1 Introduction

Propylene has been used as feedstock for the production of polypropylene and its derivatives such as acrylonitrile, oxo alcohols, propylene oxide and cumene in the petrochemical industry. Most of the propylene, however, is produced as a by-product of ethylene production by the naphtha steam cracking and of gasoline production by fluid catalytic cracking (FCC). Due to the growing demand for propylene and the shortage of petroleum resources in the future, new processes with high yield of propylene are required [1].

The methanol-to-propylene (MTP) process has been highlighted in the past few years as an attractive alternative method for propylene production, since methanol could be simply produced from natural gas, coal, and biomass. The zeotypes or acidic zeolites, such as HSAPO-34 and HZSM-5, have been used as catalysts in the MTO and/or MTP processes [18]. The important factors influencing olefin selectivity in methanol conversion are the temperature of the reaction and the acidic property of catalyst. It was reported that the propylene selectivity was enhanced by a cooperative effect of increased reaction temperature and increased SiO2/Al2O3 ratio of HZSM-5 [3], and improved with decreasing HZSM-5 crystal size [4]. Propylene selectivity and the propylene/ethylene ratio (P/E) could be improved by modifying HZSM-5 catalyst through the ZrO2 and H3PO4 addition [5] and alkaline treatment [1]. The decrease of the partial pressure of methanol by use of excessive carrier gas or feed with low methanol/water ratio leads to a higher yield of light olefins [2, 6].

Zeotype materials and acidic zeolites need to be bound with binder to produce a desired physical shape and mechanical strength for industrial applications because of their poor self-binding property. However, binders can affect the physicochemical properties of catalyst and these changes can have a strong influence on the catalytic activity and selectivity [914].

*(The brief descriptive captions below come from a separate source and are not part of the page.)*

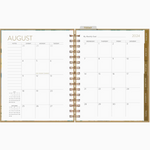 2025 Seedlings Monthly Planner: Longview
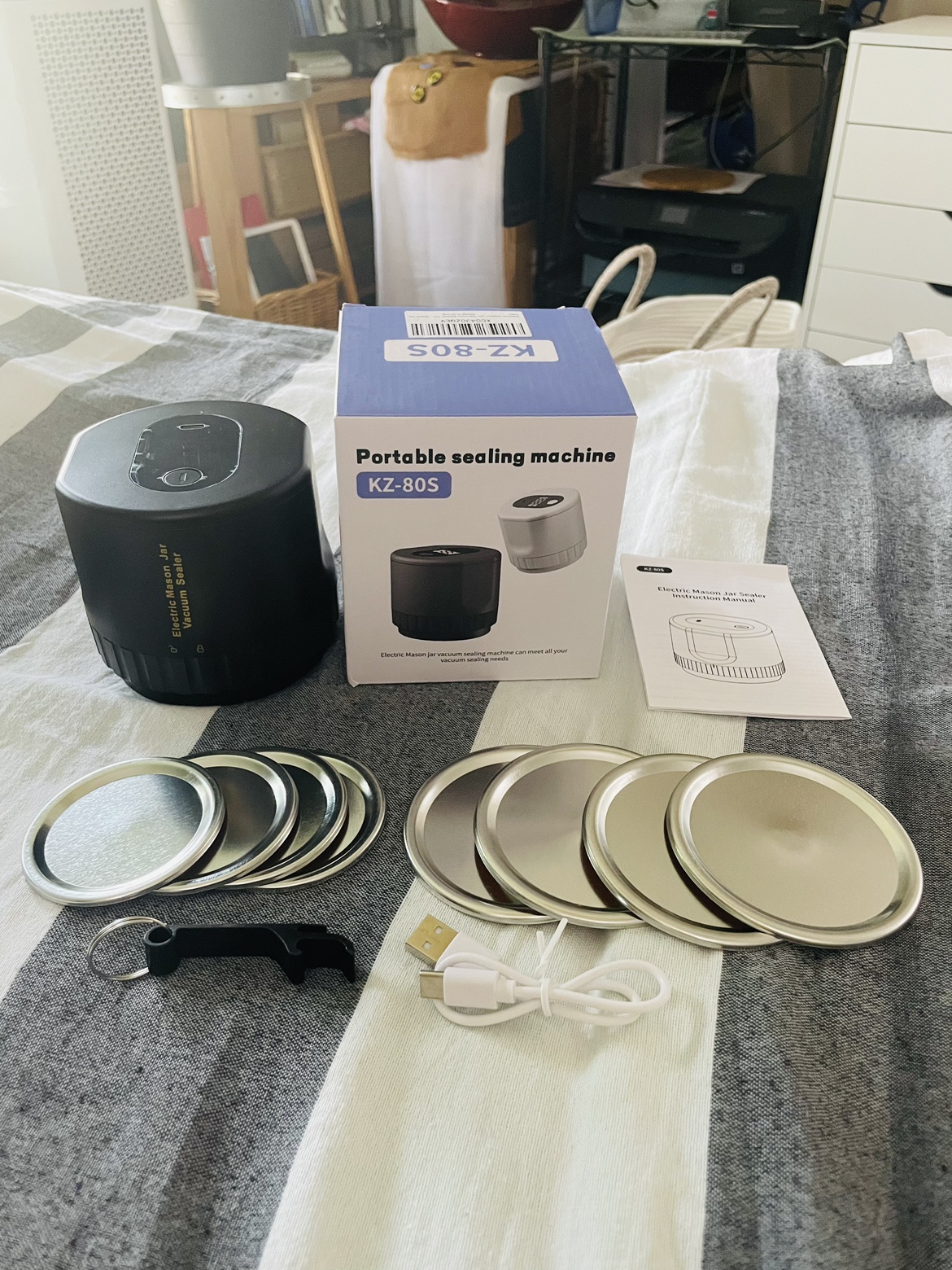 Portable Sealing Machine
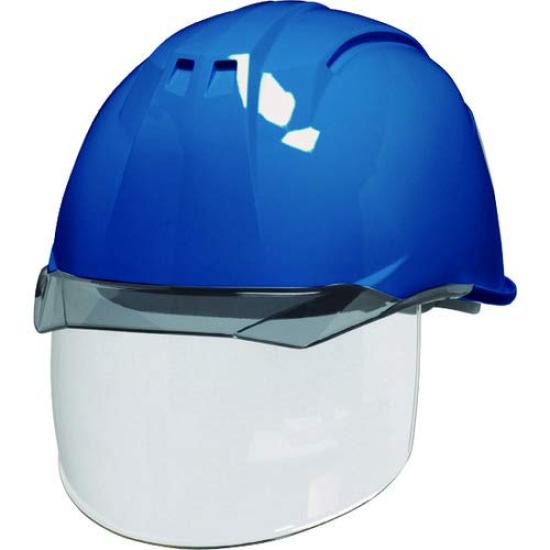 

DIC Clear Visor Helmet KP Sky (with Shield) AA11EVO-CS Blue/Smoke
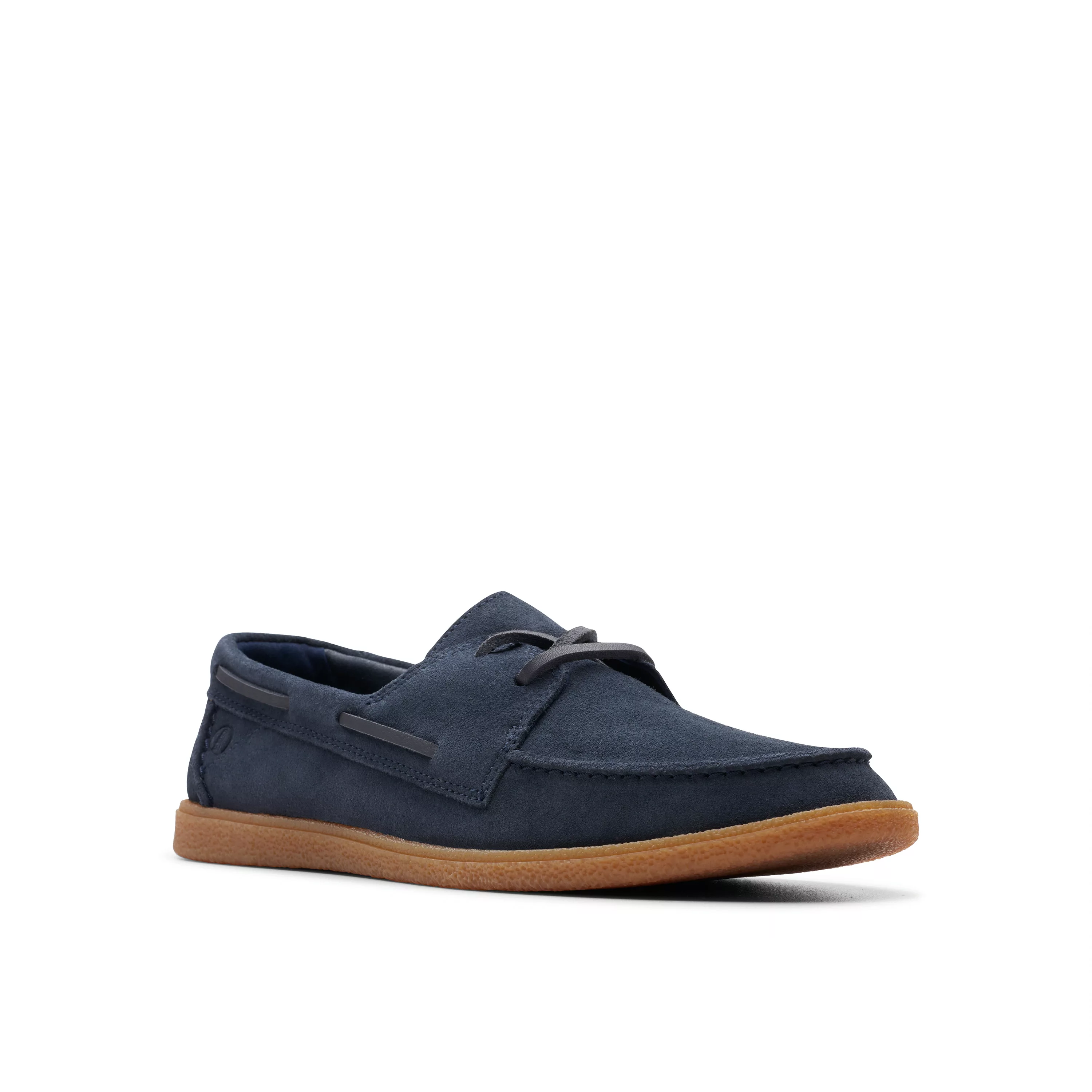 Clarks Schnürschuh "Clarkbay Go", Herausnehmbares Fußbett, Freizeitschuh, H günstig online kaufen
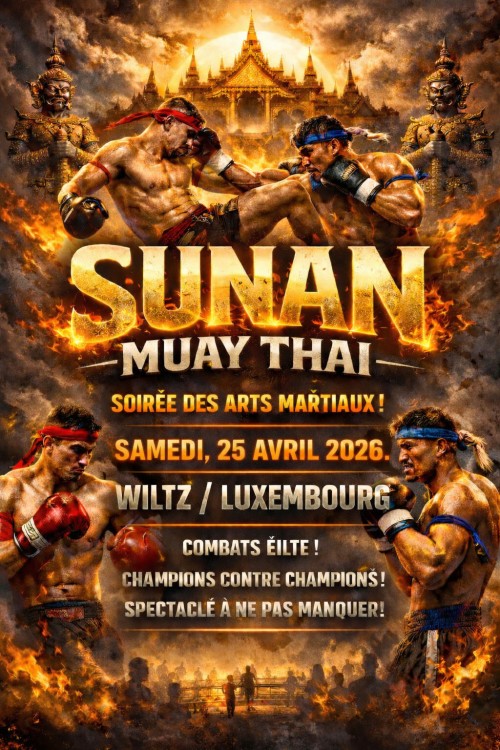 Sunan Fight Night 5
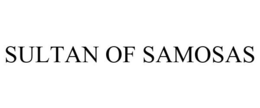 SULTAN OF SAMOSAS trademark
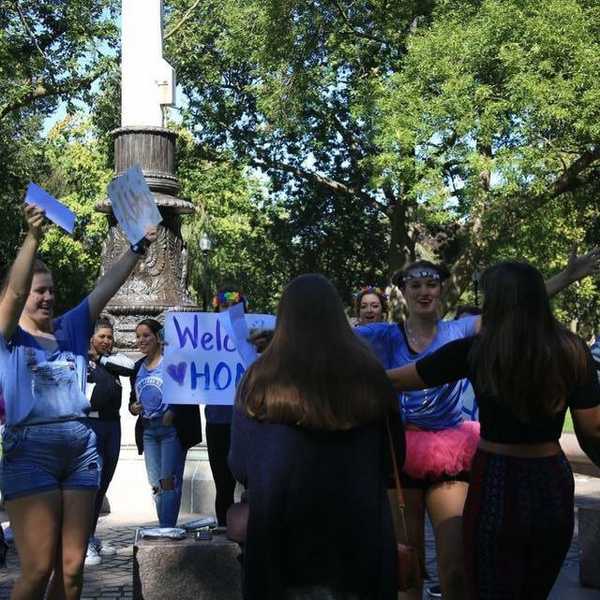 The Start Of Sisterhood: My Experience Rushing A Sorority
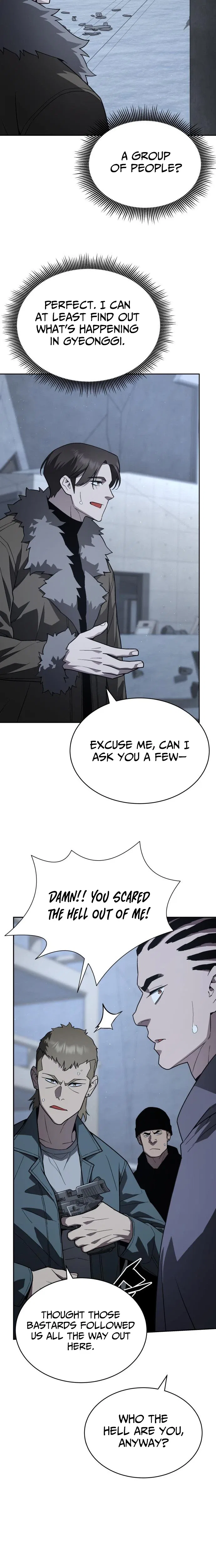 Apocalyptic Chef Awakening Chapter 127 – Page 30
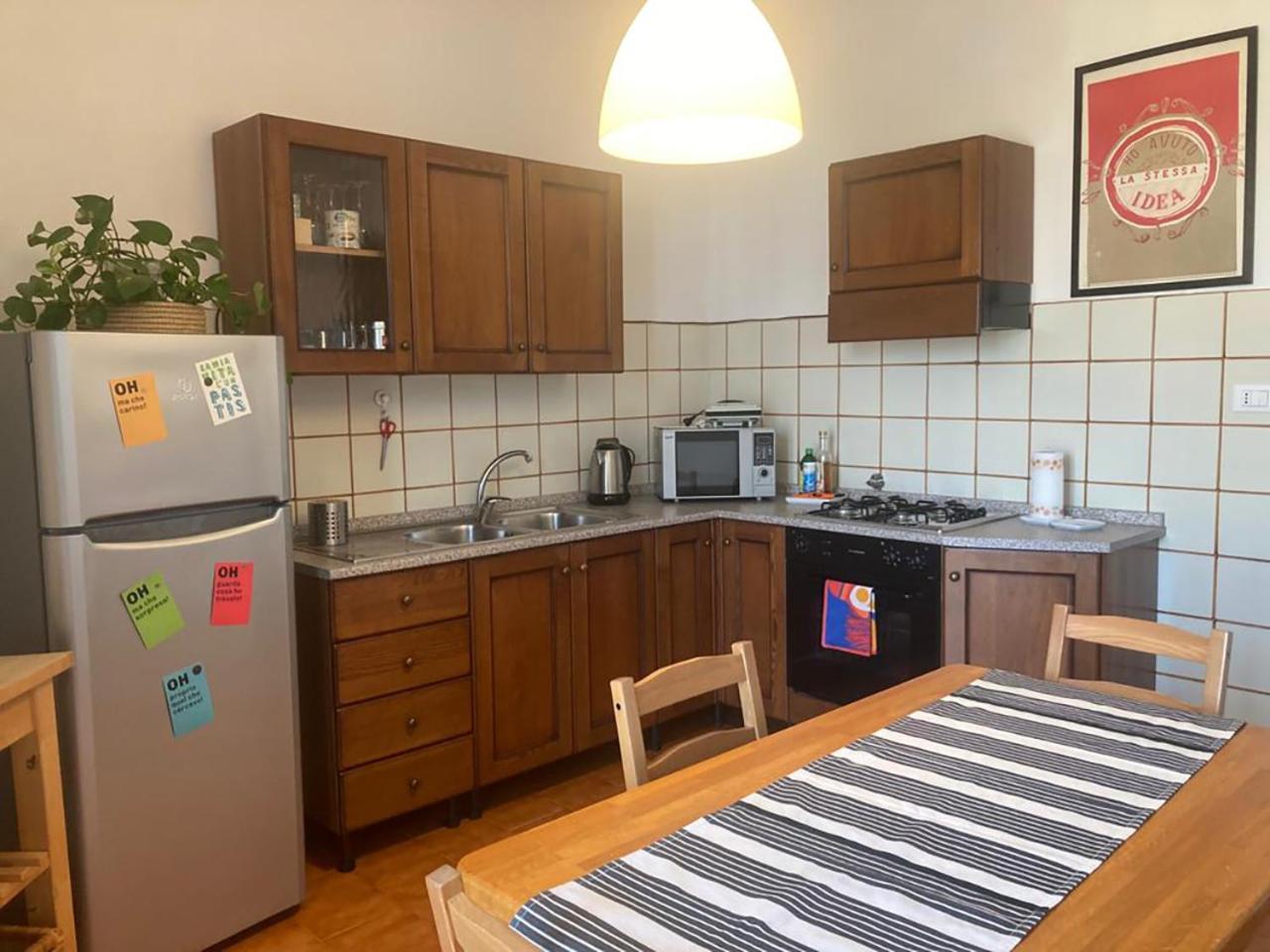 Appartement Da Momo, Panoramic Two Flat By The Dora River *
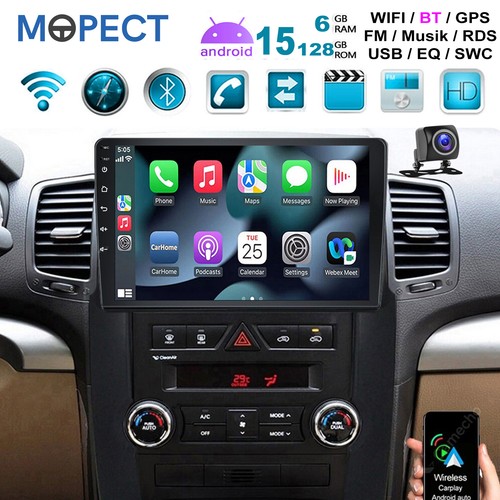 Apple carplay 128g - apple, android15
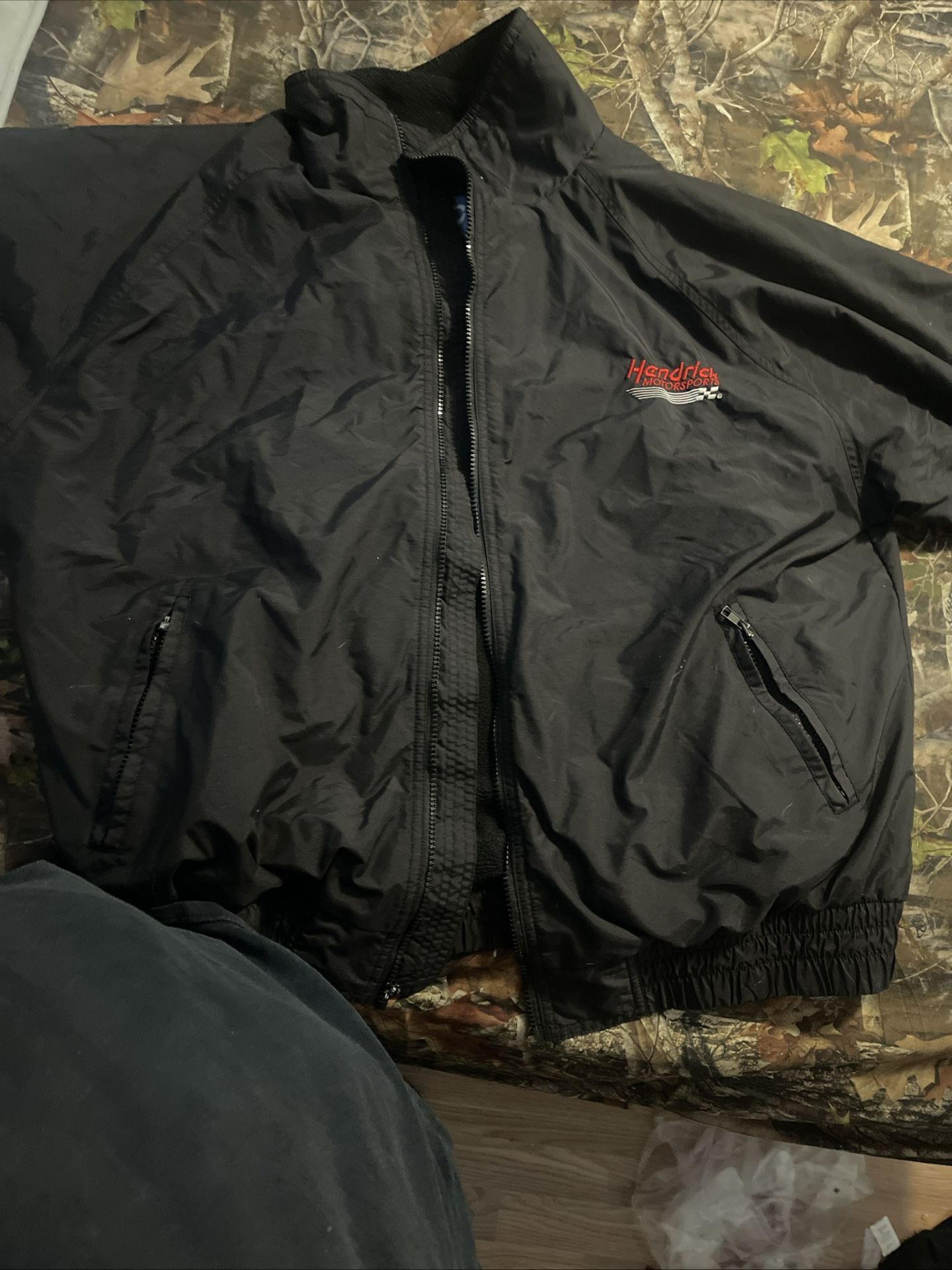 Hendricks Motorsport Jacket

In this work, silica, alumina and aluminum phosphate solution (APS) were selected as binders and their effects on the acidic property, the mechanical strength and catalytic performance of HZSM-5 zeolite for MTP reaction were investigated in the single and also binary binder system.

2 Experimental

2.1 Preparation of Catalysts

2.1.1 Single Binder

Each of Ludox HS-40 (silica source), pseudo-boehmite(alumina source) or aluminum phosphate solution (APS) was mixed with distilled water. After vigorous stirring for 1 h, HZSM-5 (Zeolyst, SiO2/Al2O3 = 80) was added into the mixture of the single binder and distilled water. These samples were dried at 100 °C in a static air oven overnight and then calcined at 550 °C for 3 h.

2.1.2 Binary Binder

Binary binder system consists of two different binders among the three binders (Ludox HS-40, pseudo-boehmite and APS). Two different binders were mixed together with distilled water. After vigorous stirring for 1 h, HZSM-5 (Zeolyst, SiO2/Al2O3 = 80) was added into the mixture. These mixtures were dried at 100 °C for 10 h and then calcined at 550 °C for 3 h.

2.1.3 Extrudates

HZSM-5, distilled water, and binder were mixed with hydroxyethylcellulose (HEC), and the mixture was kneaded. Then, the dough was extruded into cylindrical shape using a hand extruder for the mechanical strength test. The extrudates were dried at 100 °C in convection oven overnight and then calcined at 550 °C for 3 h.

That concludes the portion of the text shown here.